Sua carreira política se iniciou como prefeito de Istambul, em 1994. Em 2003, tornou-se primeiro-ministro da Turquia, cargo que ocupou até 2014, quando se elegeu presidente, o que só foi possível depois de ter saído vitorioso de um referendo em 2010 que permitia que o governo indicasse quem seriam os juízes da Suprema Corte, diminuía o poder dos militares e fazia com que presidentes fossem eleitos por voto direto e não pelo Parlamento.

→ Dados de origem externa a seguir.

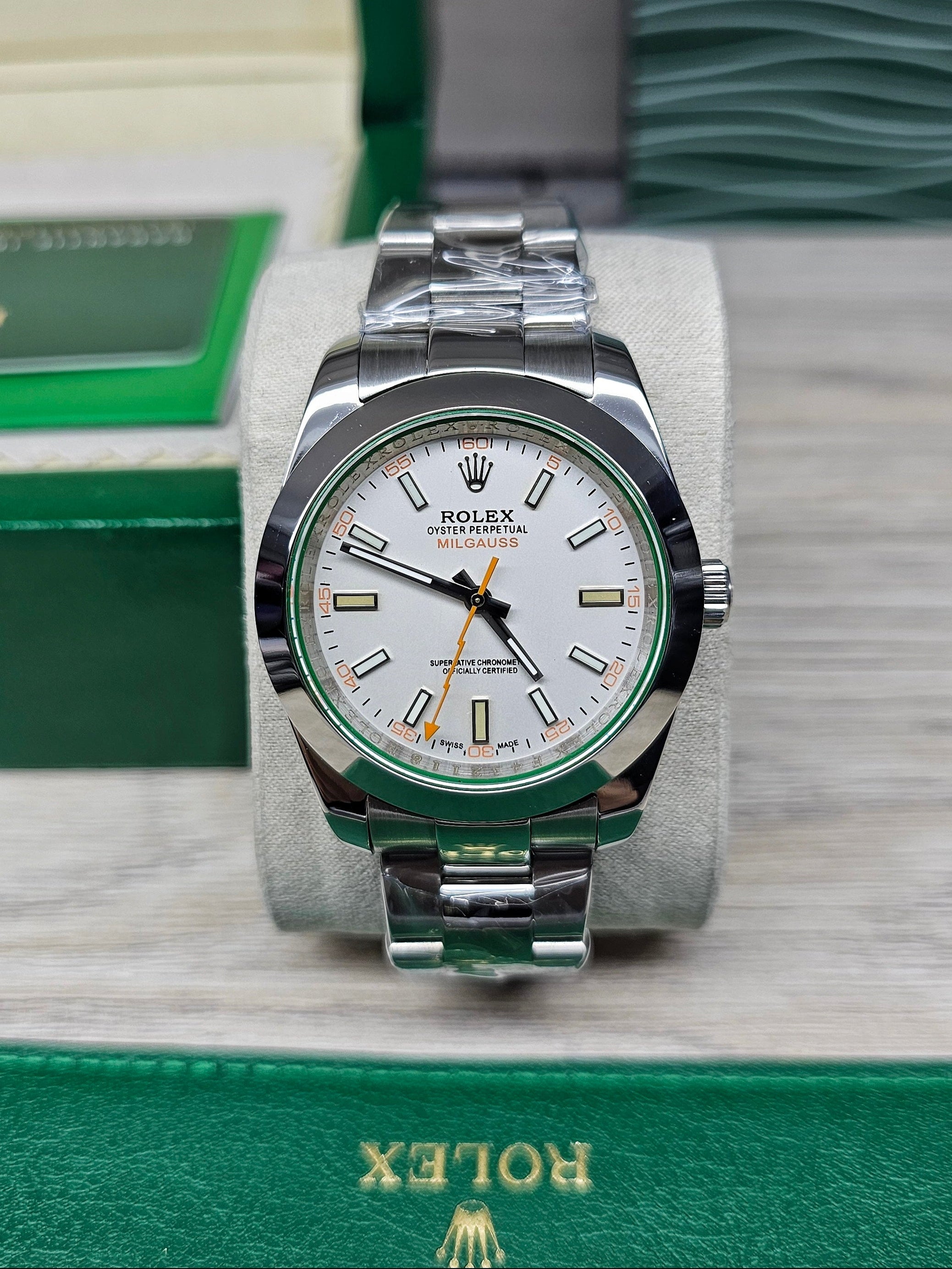 Rolex / MILGAUSS WHITE DIAL 40mm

Até 2010, Erdogan procurou manter um equilíbrio entre a identidade liberal moderna turca e a conservadora religiosa — da qual ele mesmo era adepto. A partir daí, mudou sua política, adotando um nacionalismo baseado em valores muçulmanos sunitas, indicando religiosos para cargos no governo e implementando mais educação religiosa nas escolas. Depois de uma década no poder, Erdogan reviu a regra que impedia que mulheres usassem véu no serviço público.

Após uma tentativa de golpe de Estado por setores do Exército, em 2016, que Erdogan pôs na conta do clérigo, ex-aliado e agora rival Fethullah Gulen, que hoje mora nos Estados Unidos, a perseguição aos críticos aumentou. Dezenas de milhares foram presos, e 130 mil demitidos de empregos governamentais. Atualmente, a mídia do país é majoritariamente controlada pelo Estado.

Sua liderança, após 20 anos, levou a Turquia a passar de um Estado liberal, com crescimento econômico e laços com o Ocidente, a um país crescentemente autoritário, conservador, mergulhado em inflação e cada vez mais próximo da Rússia. (Com New York Times.)